To help keep you up to date with what is happening, we plan to issue regular updates on the progress of regulations and codes of practice under the Act. This Update looks at the key elements in what has been published so far. Further explanation of the provisions of the Act can be found in our Plain English Guide to the Pensions Act.
Further draft regulations are anticipated in the near future.
Codes of practice and the Regulator
Two draft codes of practice have been issued so far. The first deals with “whistleblowing” and reporting breaches of duty to the Regulator – it looks at when the Regulator will require reports and the factors which should be taken into account. The second code of practice looks at what events the Regulator requires notification of and sets out a list of such events.
The Regulator has also issued a number of documents setting out how it sees its role and that of employers and trustees.
Financial Assistance Scheme
The Government has indicated that to be eligible under the Financial Assistance Scheme, a scheme must have commenced winding up between 1 January 1997 and 5 April 2005. Government press releases also indicate that those within 3 years of scheme pension age on 14 May 2004 will receive benefits of up to 80% of their basic scheme benefit from the Financial Assistance Scheme. The Government so far have information on around 380 schemes which may be eligible for assistance and say that they will continue to accept notification of potentially eligible schemes for up to 6 months after regulations come into force.
Section 75 debts
The Act will introduce a new Section 75A to the Pensions Act 1995 to allow greater flexibility in calculating the Section 75 debt where an employer leaves a multi-employer scheme. According to the Government, this is designed “to avoid situations where… withdrawal from multi-employer arrangements leaves pension liabilities situated in a company which is substantially weaker than the rest/other parts of the group”. The detail of the new provisions is largely left to regulations and we understand that these regulations will be delayed until summer 2005 because of their complexity.

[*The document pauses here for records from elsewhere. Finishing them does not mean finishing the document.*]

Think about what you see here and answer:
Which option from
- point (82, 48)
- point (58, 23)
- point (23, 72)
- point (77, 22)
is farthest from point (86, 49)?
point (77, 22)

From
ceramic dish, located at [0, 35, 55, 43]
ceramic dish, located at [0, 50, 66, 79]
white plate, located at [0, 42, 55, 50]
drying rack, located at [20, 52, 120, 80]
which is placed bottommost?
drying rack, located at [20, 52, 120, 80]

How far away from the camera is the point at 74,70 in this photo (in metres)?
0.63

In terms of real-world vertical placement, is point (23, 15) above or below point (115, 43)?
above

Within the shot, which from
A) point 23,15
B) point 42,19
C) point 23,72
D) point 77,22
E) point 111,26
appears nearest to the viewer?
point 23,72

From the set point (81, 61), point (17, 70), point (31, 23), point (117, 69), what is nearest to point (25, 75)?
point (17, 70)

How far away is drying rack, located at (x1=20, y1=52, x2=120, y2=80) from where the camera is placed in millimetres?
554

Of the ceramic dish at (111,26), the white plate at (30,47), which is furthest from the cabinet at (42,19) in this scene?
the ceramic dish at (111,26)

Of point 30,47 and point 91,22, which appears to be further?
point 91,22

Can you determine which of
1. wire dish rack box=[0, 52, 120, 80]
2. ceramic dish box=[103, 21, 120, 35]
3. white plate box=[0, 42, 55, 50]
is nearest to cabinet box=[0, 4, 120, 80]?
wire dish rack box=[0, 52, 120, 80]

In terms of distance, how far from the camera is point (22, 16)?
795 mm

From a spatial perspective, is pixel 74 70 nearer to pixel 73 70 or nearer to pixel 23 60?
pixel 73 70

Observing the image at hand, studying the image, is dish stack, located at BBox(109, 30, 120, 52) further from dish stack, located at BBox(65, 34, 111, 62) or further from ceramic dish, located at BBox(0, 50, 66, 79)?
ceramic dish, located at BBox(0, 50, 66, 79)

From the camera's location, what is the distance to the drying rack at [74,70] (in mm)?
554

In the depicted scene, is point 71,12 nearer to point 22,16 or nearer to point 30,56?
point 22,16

Draft regulations propose that the initial levy for the year from 6 April 2005 will be £15 per active, pensioner and dependent member and £5 for each deferred member. The administrative levy is proposed to be between £2.50 and 75p per member, depending on scheme size.

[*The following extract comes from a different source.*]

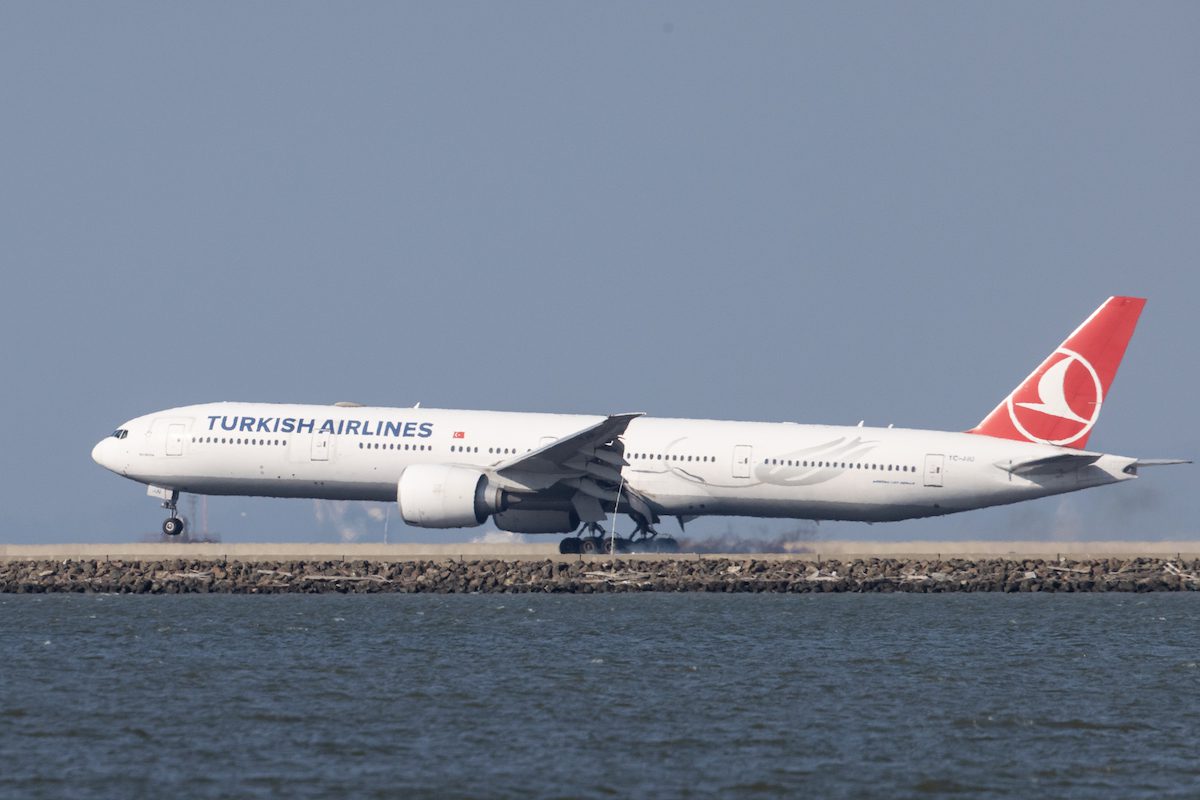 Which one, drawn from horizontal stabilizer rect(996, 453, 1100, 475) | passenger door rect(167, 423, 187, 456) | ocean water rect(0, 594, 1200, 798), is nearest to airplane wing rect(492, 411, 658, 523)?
ocean water rect(0, 594, 1200, 798)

The Act provides some protection for employees’ pension benefits on business transfers. If the new employer provides a final salary scheme, it must meet the reference scheme test. Draft regulations permit an alternative method of providing benefits in a final salary scheme to that set out in the Act which requires that that the overall value of the new employer’s scheme is equal to that of the old employer. They also confirm that the minimum employer contributions required in a money purchase scheme will be matching the employee’s contributions up to a maximum of 6% of basic pay.

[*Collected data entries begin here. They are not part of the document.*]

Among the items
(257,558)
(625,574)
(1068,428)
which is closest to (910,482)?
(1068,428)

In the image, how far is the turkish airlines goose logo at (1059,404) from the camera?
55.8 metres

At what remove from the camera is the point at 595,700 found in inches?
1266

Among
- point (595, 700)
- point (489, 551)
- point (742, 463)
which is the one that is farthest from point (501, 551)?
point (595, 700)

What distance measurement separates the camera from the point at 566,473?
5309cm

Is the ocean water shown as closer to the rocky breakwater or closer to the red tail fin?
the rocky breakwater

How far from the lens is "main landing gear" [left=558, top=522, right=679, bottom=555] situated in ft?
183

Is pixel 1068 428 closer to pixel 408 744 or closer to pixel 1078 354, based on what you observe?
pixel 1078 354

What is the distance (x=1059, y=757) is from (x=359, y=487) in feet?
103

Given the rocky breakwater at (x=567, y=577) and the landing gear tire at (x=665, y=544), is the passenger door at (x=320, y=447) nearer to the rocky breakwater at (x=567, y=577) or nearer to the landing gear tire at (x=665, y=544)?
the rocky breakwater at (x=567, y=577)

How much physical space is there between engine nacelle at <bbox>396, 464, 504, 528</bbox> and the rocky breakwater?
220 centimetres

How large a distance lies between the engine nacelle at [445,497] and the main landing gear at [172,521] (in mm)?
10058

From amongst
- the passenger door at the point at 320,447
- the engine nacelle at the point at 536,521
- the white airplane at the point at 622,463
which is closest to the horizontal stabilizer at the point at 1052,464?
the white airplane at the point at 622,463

Draft regulations provide that no indexation will be required for pre April 1997 protected rights.
A variety of draft regulations have been issued in relation to contracted-out benefits, including regulations facilitating the transfer of deferred members’ protected rights and dealing with commutation of contracted-out benefits.
The Government have not yet indicated when they may exercise their Regulation making power under the Act to require 50% MNTs. It may be a number of years away. However, they have indicated that when this structure is implemented, they will allow schemes to use any provisions in their scheme rules for a chairman of trustees to have a casting vote.
Draft regulations set out what the trustees will be required to tell complainants when they notify them of decisions under the scheme’s IDR procedure and how disputes underway when the new provisions come into force (intended to be September 2005) should be dealt with.